Danny menuduh LGBT macam orang sakit, tanpa bukti ilmiah.

“Yang membutuhkan penanganan, perawatan, bukan dijauhi tetapi diobati.”

Klaim Danny, mencerminkan kekeliruan umum selama ini tentang LGBTI. Padahal, sejak tahun 1990, Organisasi Kesehatan Dunia (WHO) telah menghapus homoseksual dari klasifikasi penyakit (ICD).

Kekeliruan Danny tak menghalau Tribun Timur, untuk tetap memberitakannya. Tanpa mengoreksi ungkapan Danny, dua berita terbit di hari itu juga, tepat di tahun, ketika ujaran kebencian mendera komunitas LGBTI dan tak pernah semencekam ini.

Judulnya meyakinkan: LGBT Ibarat Orang Sakit yang Butuh Diobati, Bukan Dijauhi tayang di tribunnews.com dan Danny Pomanto: LGBT Butuh Penanganan, Bukan Dijauhi di makassar.tribunnews.com.

“Seharusnya berita ini cover both side, minimal meminta tanggapan ‘pemerhati’ LGBT,” kata Manajer Online Tribun Timur, Mansur Amirullah.

Kemungkinan, kata Mansur, wartawan sulit menjangkau sumber dari kelompok LGBTI.

“Meskipun kalau mau berpedoman ke kode etik [jurnalistik], ini sebenarnya sudah bertentangan.”

Namun, sudah terlambat untuk menyadarinya.

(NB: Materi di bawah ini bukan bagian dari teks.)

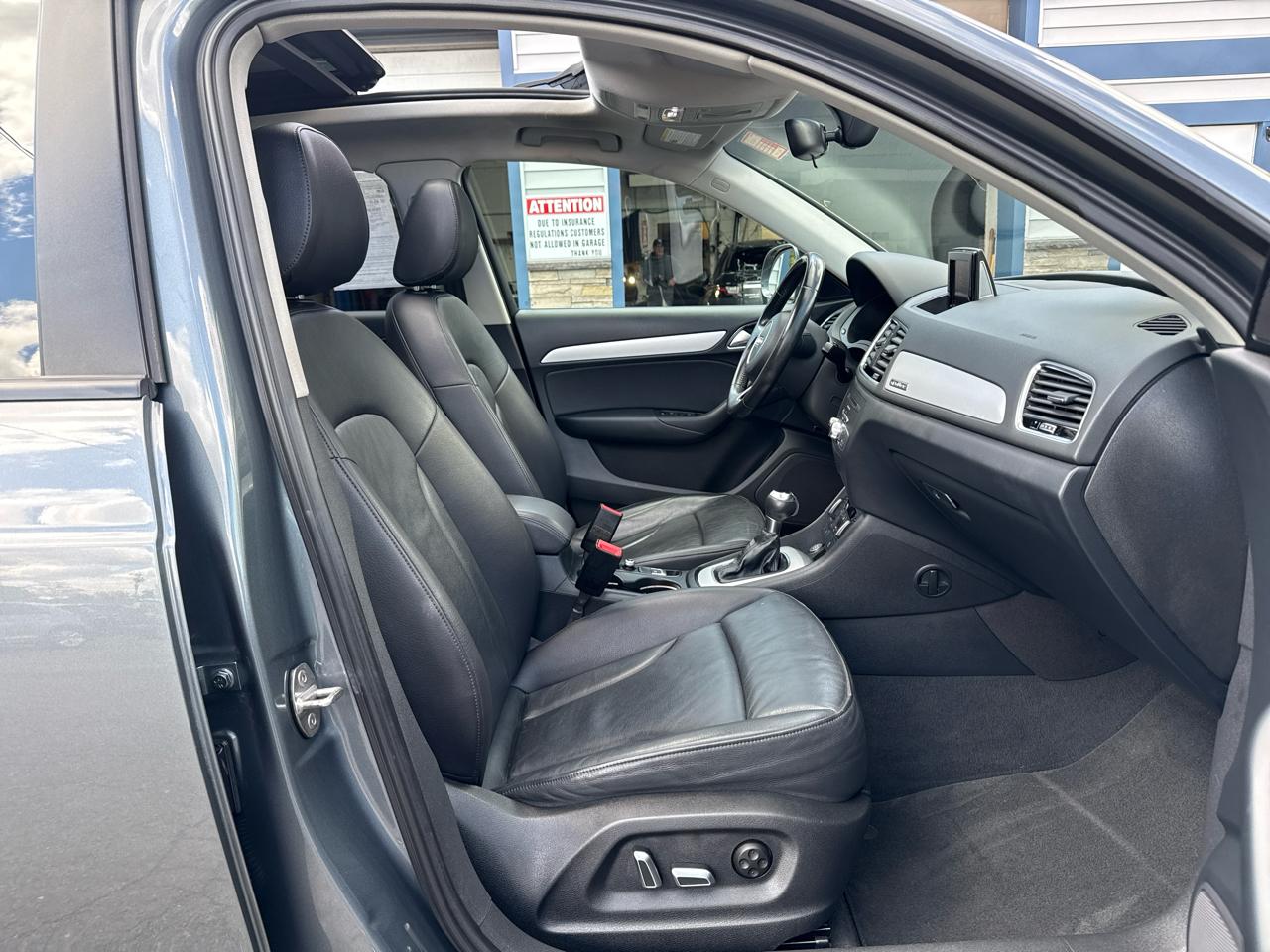 Audi Q3 2.0 TFSI Premium quattro AWD 2017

Stigma yang terselip, turut menjadi jeram kebencian terhadap kelompok LGBTI di Indonesia, termasuk di Sulawesi Selatan (Sulsel), sebuah daerah tempat keragaman gender non-biner tumbuh dengan budaya, macam transpuan (calabai), transpria (calalai), dan Bissu yangmemainkan peran spiritual di masyarakat Bugis, hingga sekarang.

Tribun Timur bagian Kompas Gramedia, berbasis di Kota Makassar. Sejak tahun 2004, menerbitkan koran harian dan tahun 2006 mengekspansi bisnis media siber. Kini, Tribun Timur merajai bisnis media siber di Indonesia. Dibaca jutaan orang.

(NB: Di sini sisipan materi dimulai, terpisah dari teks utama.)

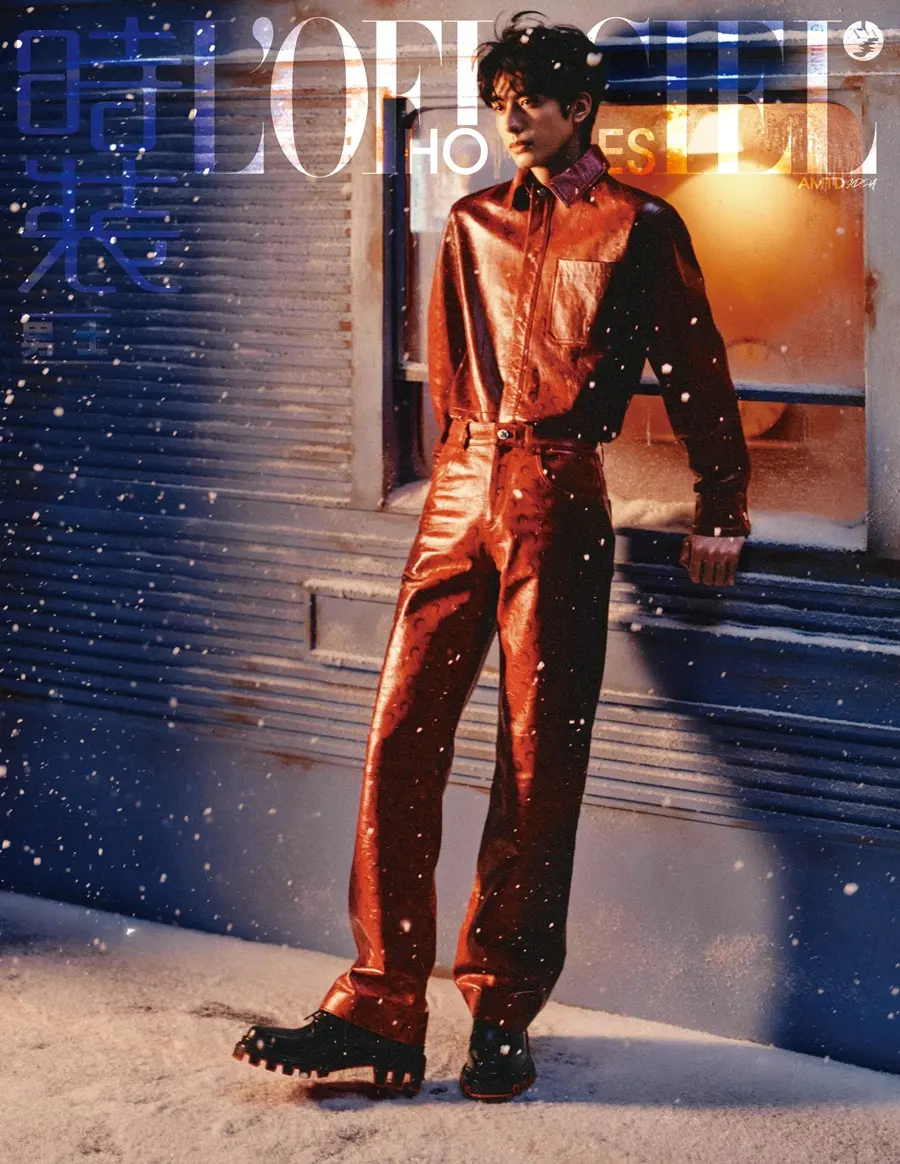 Song Weilong @ L&rsquo;OFFICIEL HOMMES China January 2025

Di Indonesia, nasib LGBTI kian nestapa. Diskriminasi, beberapa regulasi pemerintah dan kekerasan telah merenggut kedamaian mereka, beberapa tahun belakangan. Stigma terhadap mereka seakan abadi. Komisi Penyiaran Indonesia (KPI) juga menerbitkan aturan untuk melarang LGBT masuk di media penyiaran pada tahun 2016, dan itu terjadi hingga kini. Sejak itulah media penyiaran takut, tak pernah lagi memberitakan tentang LGBT. Homophobia yang dilancarkan KPI sudah menyebar ke media penyiaran.

Tribun Timur bukan cerminan seluruh redaksi media di Indonesia. Yang dinilai ramah belum punah. Persoalannya, dari berbagai studi, amat sulit membantah anggapan, bahwa banyak media belum ramah terhadap kelompok LGBTI.

Di Sulsel, Tribun Timur tidak sendiri. Sepanjang tahun 2014-2019, Komunitas Sehati Makassar (KSM), menemukan 62 media, gencar memberitakan LGBTI di Sulsel. Tribun Timur paling dominan, 109 berita. Menyusul Fajar Online, 30 berita dan 24 berita dari GoSulsel.com. Keseluruhan, KSM mengkliping sebanyak 361 berita.

288 berita diantaranya bernada negatif, berupaya menggiring opini penolakan dan membonceng pelbagai stigma. Hanya 34 bernada positif dan sisanya dinilai netral.

“Dari pemberitaan-pemberitaan negatif itu, banyak mengandung stigma, stereotip, dan hal-hal yang sebenarnya tidak benar,” kata Eman Memay Harundja, ketua KSM.

Di Sulsel, media seakan merawat ujaran kebencian kepada kelompok LGBTI. Tribun Timur dan Fajar Online membantahnya. Memberi porsi sama–bagi kelompok LGBTI dan kelompok penentang–adalah alasan mereka. Namun menurut studi KSM, berita dengan ujaran kebencian justru meruah.

“[Berita ujaran kebencian] itu bisa menjadi opini baru masyarakat yang sudah membacanya. Biasanya, masyarakat menganggap bahwa [berita] itu benar,” kata Eman.

“Contohnya, LGBT adalah penyebab bencana atau hal-hal negatif lainnya.”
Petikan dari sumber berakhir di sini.